Yet more on RTTs

Van Jacobson (
Fri, 14 Nov 86 12:51:35 PST

A few weeks ago there was a query about estimating packet round trip
time for an RDP implementation. I replied with some local measurements
that suggested that TCP's problems might be similar to RDP's: most
TCP conversations were so short that they behaved as datagrams. Based
on this, I suggested that a part of RTT maintenance be moved from
the TCP layer to the IP layer. If RTT really is common to RDP and TCP,
the IP layer is to logical place to put it. Based on measurement and
simulation, I have reason to believe that this move would improve
the Internet's present, abysmal performance.

I've been out of touch for two weeks (a problem of inter-personnal
congestion control) and read the past two weeks of TCP-IP messages
last night. The RTT messages were disappointing: they addressed
problems whose solution is known and which are being solved (albeit
slowly). I think we're facing a whole new set of problems. In an
effort to promote some light (or heat), what follows is my simple
minded explanation of what's going on and what we might start to
do about it. (In what follows, "connection" means a conversation
between two processes over a network, not a TCP connection.)

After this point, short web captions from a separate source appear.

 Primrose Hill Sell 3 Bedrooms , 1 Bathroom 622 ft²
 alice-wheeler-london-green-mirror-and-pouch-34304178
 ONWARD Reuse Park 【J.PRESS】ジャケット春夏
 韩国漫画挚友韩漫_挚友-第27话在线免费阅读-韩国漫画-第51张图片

RTT is measured to help deal with unreliable packet delivery. When
packets are delivered reliably, TCP and RDP are self-clocking. Since
we know that delivery is unreliable, we design our protocols to make
an educated guess about whether a particular packet has been lost:
If no "clock" has been received for a "long time" (relative to the
round trip time), the packet probably needs to be retransmitted.

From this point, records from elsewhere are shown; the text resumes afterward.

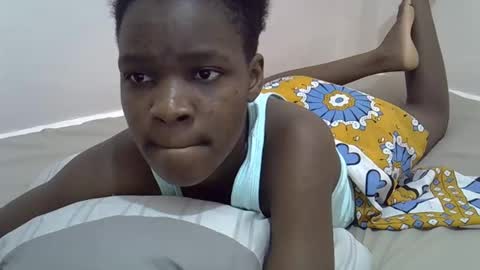 Snapshot of cute_marion chatting on February 2025 08:44:02 PM cute_marion online show from February 2025 08:44:02 PM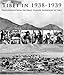 Tibet in 1938-1939: Photographs from the Ernst Schäfer Expedition to Tibet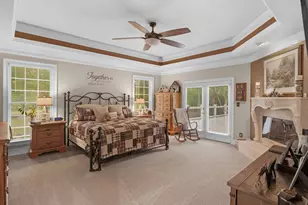445 Patterson Rd, Griffin, GA 30223 - Photo 33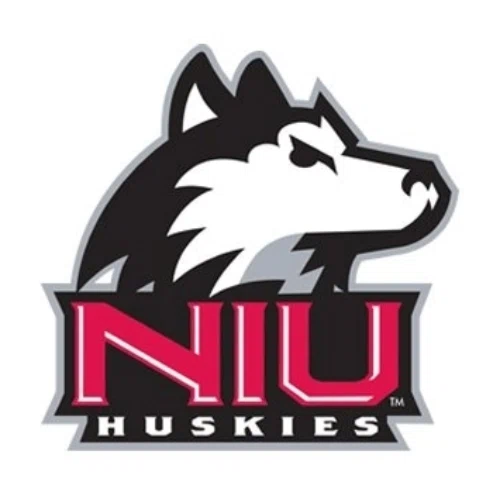NIU Huskies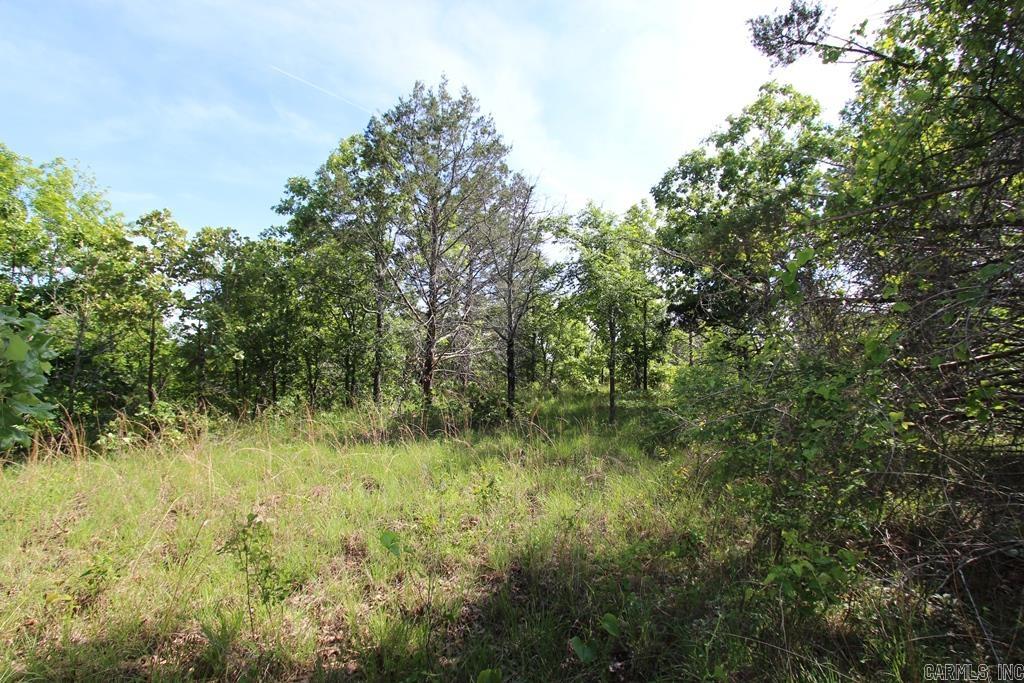 57 Sierra Sunset Cove Property Photo 14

There are two reasons for losing a packet:
  1) It was damaged or misplaced in transit.
  2) It was discarded due to congestion.
The appropriate recovery strategy depends on the reason: For (1),
the packet should be retransmitted as soon as possible. For (2),
the retransmission should happen after a "Long" time (many times
the round trip time) so the congestion has a chance to clear (I'm
making the assumption that there's substantial buffering in the
subnet so the time constants for congestion are long -- this is
true of the nets I deal with and, given current memory prices,
likely to remain true).

Given that the sender doesn't know whether (1) or (2) has occurred,
what stategy should be used? If the stategy for (2) is chosen when (1)
is the cause, the throughput on this connection will go down a bit. If
the strategy for (1) is chosen when (2) is the cause, the problem will
get much worse, both for this host and others on the net. In the
absence of other information, the principle of Least Damage tells us to
use the strategy for (2). [Experience also suggests that damaged
packets are unlikely -- the error rate on our worst net is <0.1%. But,
if you really have to get maximum throughput on a connection, as
opposed to maximum agregate throughput on all your connections, the
Pollaczek-Khinchine equation says that the variance of the RTT
estimates can be used to distinguish (1) & (2). I design networks for
real-time control in hostile environments and occasionally make use of
this. It's not generally useful.]

The strategy for (1) is very "local". It can be detected by the
process running the connection and that process can take corrective
action that should both cure the problem and have negligible effect
on other connections. The strategy for (2) is global. The congestion
detected on a connection is probably not caused by that connection.
In fact, it is likely that no single connection is the cause. Thus no
single action is going to cure the problem, only the combined effect of
several connections reducing their traffic rate. For this to happen,
each of those connections has to discover the problem (which means
sending packets, which agravate the problem) including newly opened
connections. The recovery time is clearly going to be an exponential
with a long time constant.

A way to reduce the recovery time is to introduce more coupling between
the connections. Congestion is a propery of network path(s), not of
connections. When one connection discovers congestion on a path,
that information should be made available to all connections in the
same machine using that path. This isn't hard to implement: A lot
of the congestion happens over paths that look like:

 Host A-| |
        | |
        | |
        | |-Host D

Where A is talking to D, the vertical lines are relatively high-speed,
local nets and the horizontal line is a low-speed, long-haul net(s). The
difference in net speeds means that any congestion will almost certainly
occur somewhere on the path from B to C. This means that, from A's
point of view, the round trip time to D is characteristic of the RTT to
any host served by C (I have data which says that the gateway accounts
for 90% of the variation in RTT). If A contains a routing entry for C
(IP requires a routing entry in A for B or C or both), a slot could be
left in that entry for RTT. If TCP, RDP, etc., used that slot for
the value in all their RTT calculations, information about the path
would automatically be shared (and also wouldn't be lost when a TCP
connection closed). Just this much change would eliminate the "turn-
on transient" of retransmissions that occur while a tcp connection
is learning the RTT.

Once one stops regarding RTT as a property of connections and starts to
regard it as a measured, dynamic property of the topology, some related
ideas start to look interesting. Like B telling A topology and A
telling B transit times (the stability problems of the old Arpanet
routing protocol shouldn't show up if this is only done locally and
RTT(local) << RTT(long haul)). Or treating "source quench" as if it
meant "I'm congested" rather than "You should shut up" (it obviously
means both). Under the first interpretation, it is information about
the state of part of the path. If gateways along the return path
wiretap, the information does service to several hosts rather than a
single TCP conversation (and we start to get distributed congestion
control via "choke packets" which have some nice properties if there's
enough buffering in the subnet to handle the diffusion time.)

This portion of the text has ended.